ON to commission design for expansion

Robert Smith
The Osage Nation Congress has agreed to appropriate $250,000 for a design for the expansion of the Osage Nation Museum. In this Journal-Capital file photo, the museum can be seen in the background, behind the Osage Nation Veterans Memorial.

The Osage Nation Congress recently agreed to spend $250,000 on a design for a multi-million-dollar expansion of the ON Museum, and Principal Chief Geoffrey Standing Bear is looking forward to collaborating with interested parties to raise the needed funding for construction.

Chief Standing Bear confirmed that author David Grann, who wrote the bestseller “Killers of the Flower Moon” about the murders of numerous of the Osage during the early 20th century, is among those interested in helping with the project.
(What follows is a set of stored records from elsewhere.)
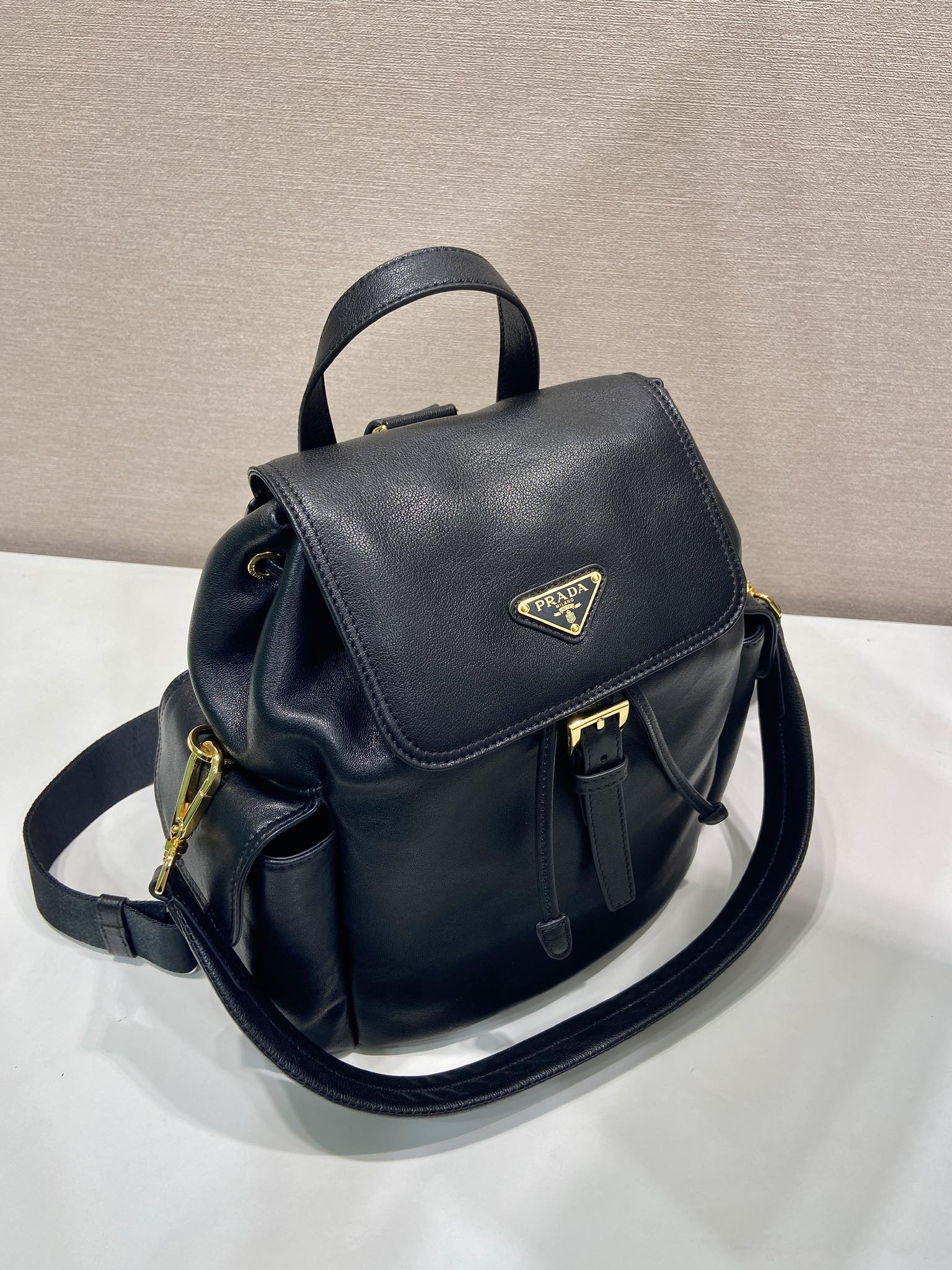 Prada dark blue mini backpack with flap, top handle, and adjustable shoulder strap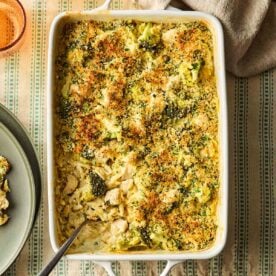 An oven dish with a one pan Chicken Kiev Pasta inside, ready to serve onto plates.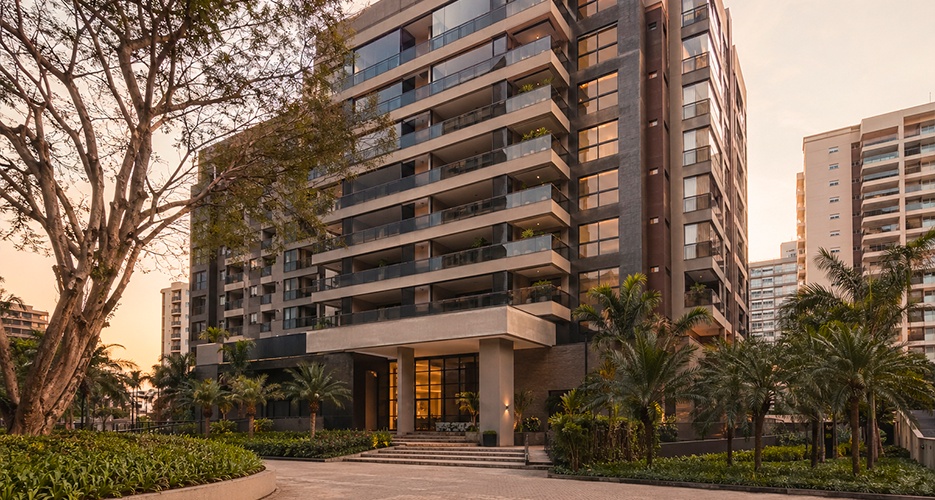 Prédio residencial moderno com arquitetura contemporânea, varandas e paisagismo, fotografado com luz natural suave.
“We’re looking forward to working with all of our people here and with David,” Standing Bear told the Journal-Capital. “It’s teamwork, and that’s what makes things happen.”

Standing Bear also expressed thanks to the ON Congress, which passed legislation June 24 to appropriate $250,000 out of the existing Museum Fund to cover design costs.

“I’m so glad our Osage Congress agreed to pursue this opportunity,” he said.

Congressman R.J. Walker, who sponsored the legislation, said he had not been in favor of appropriating new money for the museum expansion design, but he had been willing to use $250,000 of roughly $275,000 that was in the Museum Fund to pay for design work. That still left some $25,000 in the Museum Fund for other purposes, he said. The important thing is the ON will have a conceptual design to use in attracting financing for the museum project, Walker said.

Standing Bear said Grann’s interest in the project grew out of conversations that began about a year ago. The author expressed an interest in helping to memorialize murdered Osage people, the chief said, explaining that Grann wasn’t really interested in a plaque or a statue. The two stayed in touch and Grann later asked if Standing Bear had thought of something.

Chief Standing Bear said he told Grann that the ON Museum, which is the oldest tribally owned museum in the U.S. (dating back to 1938), is in need of expansion.

“Well, I would be very interested in that if you decide to go in that direction,” Standing Bear recalled Grann saying. “I would like to see what private money we could raise to help the Osage on a museum expansion.”

The idea that arose in conversation was for a possible New York City fundraiser, and Chief Standing Bear said he was attracted by that concept.

“OK, I think that sounds like a really great idea,” he recalled telling Grann, asking what the author would need in order to be able to approach potential donors.

Standing Bear noted he called for internal discussions involving new museum director Marla Redcorn-Miller, former museum director Kathryn Red Corn, and his chief of staff, Jason Zaun.

Pointing out that museum spaces have special needs when it comes to temperature, light and ventilation controls, Standing Bear explained he was interested in developing a detailed estimate of what expansion costs might come to, so that interested parties like Grann would be in a position to talk with potentially generous people about what levels of support they might be willing to provide.

Grann told the Journal-Capital he looks forward to helping.

“Chief Standing Bear shared with me the Osage Nation’s wonderful plans for the museum. It’s such an important project, and I’m eager to help anyway I can,” he said.